Changes made to the example to make it more consistent with documented usage of VGG16 weights. Detailed discussion can be found at #3340 . The following changes are made to images before passing through VGG,
Are there any good ways to improve the performance of this? I was playing today with moving this over to use VGG19 but have not been successful yet. I find that the loss value improvement flattens out pretty quickly, with very little improvement after about the 60th epoch, and the image is pretty much as good as its going to get by about 20 iterations. Do larger resolutions help vs. the 400x400 default? Is the only option really to go back and train a larger VGG16 or 19 cov-net on Imagenet with more parameters?, and perhaps more dropout?
Hi @kfinla I haven't tried VGG19. But my experience was the different loss weights can be played with to generate some different results. You may also want to check work by @titu1994 for other parameters.
@kfinla I have tested the code in my project on over a 100 images, while altering various parameters, models (VGG-16 / 19) and even switched between Network.py (replica of the neural_style_transfer.py) and INetwork.py (same as above, with 4 of the major improvements suggested in paper Improving the Neural Algorithm of Artistic Style.
Some insights I have derived from these experiments:
In the case of average pooling, loss value drops drastically over the first 15 epochs, and then starts flattening out over the next 20. After 35-45 epochs, loss value decreases in only the last 4 digits. The actual loss value if often less 1/10th or even 1/25th of the loss value when using max pooling.
In the case of max pooling, the style is applied more gradually, and often more accurately. The loss value drops drastically over the first 22-25 epochs, and then flattens out over the next 35-45 epochs. After roughly 65 epochs, loss value decreases only in the last 4 digits. However the actual loss value is far higher than the loss value obtained from average pooling, even though the results are often better for max pooling.
content weight = 0.025
style weight = 1
content : style weight ratio
1 : 0.1
1 : 0.05
1 : 0.01
As a side note, I have also tried using the style image as the initial image, but have found that while the end result is similar, it is not the same, and has a slower convergence rate than using content image as the initial image.

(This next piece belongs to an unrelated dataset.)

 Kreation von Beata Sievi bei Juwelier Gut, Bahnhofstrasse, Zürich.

Sorry for the long post. Hope it helps you in obtaining slightly better images from the script.
Thank you guys, this is all super useful and interesting information. Long post appreciated! I did a 500 epoch test with a set of images I had decent results with, with slightly modified weights based on my own limited observations and did get an improvement. I am trying now using some of the suggested weights ratio's and using conv5_2. Again thanks.
So, playing some more. I need to study your INetwok.py script, I augmenting my script, basically the origional Keras style-transfer script to use the conv 5_2 but the results never seem to converge, or extremely slowly after 500 epochs. I see you have a "style scale" which is missing in mine.

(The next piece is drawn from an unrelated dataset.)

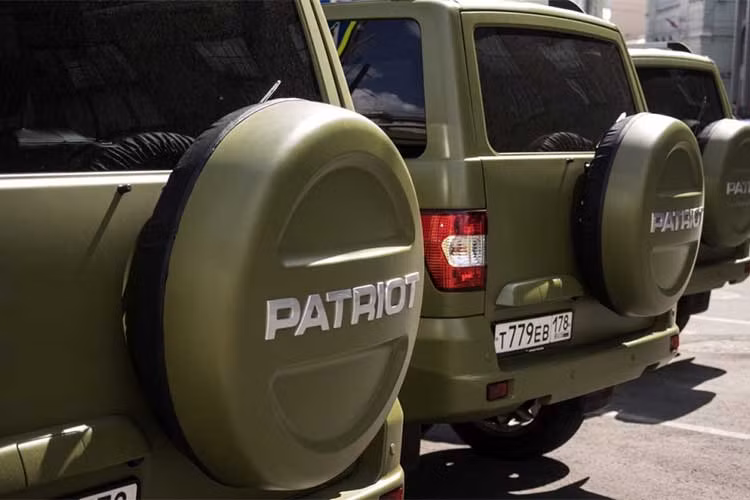 Mẫu xe UAZ Patriot phục vụ tổng thống Nga Putin vừa qua trong chuyến thăm tới Syria chính là phiên bản máy dầu 2.2L, cùng loại với bản Patriot 2016 đã ra mắt Việt Nam hồi tháng 10/2016 với giá 686 triệu đồng.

I started to play with your (Titu1994's) INework.py and Network.py scripts but they both hang for me at ("Start of iteration, 1"). I tried commenting out the theano.config lines at the top because my gpu always says cuDNN not available, but still no luck. Any ideas? I have been running it like the original script .. script location, content image, style image, image result location. I get no errors, it just doesn't complete iteration 1 unless it is several orders of magnitude slower than the original script. PS. What is the "windows" helper script about? I am trying this on windows 8.1 .. i might try on OSX without gpu to see if i can isolate the issue there. Thanks for any help.
@kfinla Both Network.py and INetwork.py offer the best image far more quickly due to use of the conv5_2 layer as the content layer. I have seen very little gains on either script with over 200 epochs. 500 or 1000 is definitely overkill.

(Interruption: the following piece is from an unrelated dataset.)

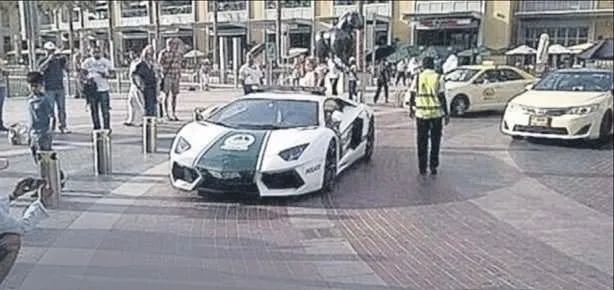 Polis otosu uçar gider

Style scale simply multiplies the original style loss value by a float value. It simply strengthens or weakens the style strength. There is no need for it if you simply adjust the style weight manually.
The Theano.config lines can be safely removed, since they are there to enforce default behaviour. I noticed that the script crashed when using time_once in the dnn.fwd_algo flag.
Cudnn is definitely very important in this script, since it has faster convnet implementations. Especially CUDNN 5 is very useful for VGG like nets since it is a few times faster for stacks of CNNs.
Network.py performs exactly at the same speed as the neural_style_transfer.py script, since it is in essence just exposing the variables in the script. INetwork.py is 1-2 seconds slower than the Network.py script, since it uses a lot more information from the VGG network to deliver better results.
In fact, this script requires enormous amounts of time on CPU for every iteration. Definitely GPU with CuDNN is recommended.
Windows helper folder is not a script actually. It is a program written in C# using Windows Forms to execute the Python scripts directly from a program. Advantages are that it is extremely easy to alter all the parameters of the script and achieve different results. If you instead prefer the terminal anyway, it can also copy the argument list onto the windows clipboard so you can simply paste the argument list.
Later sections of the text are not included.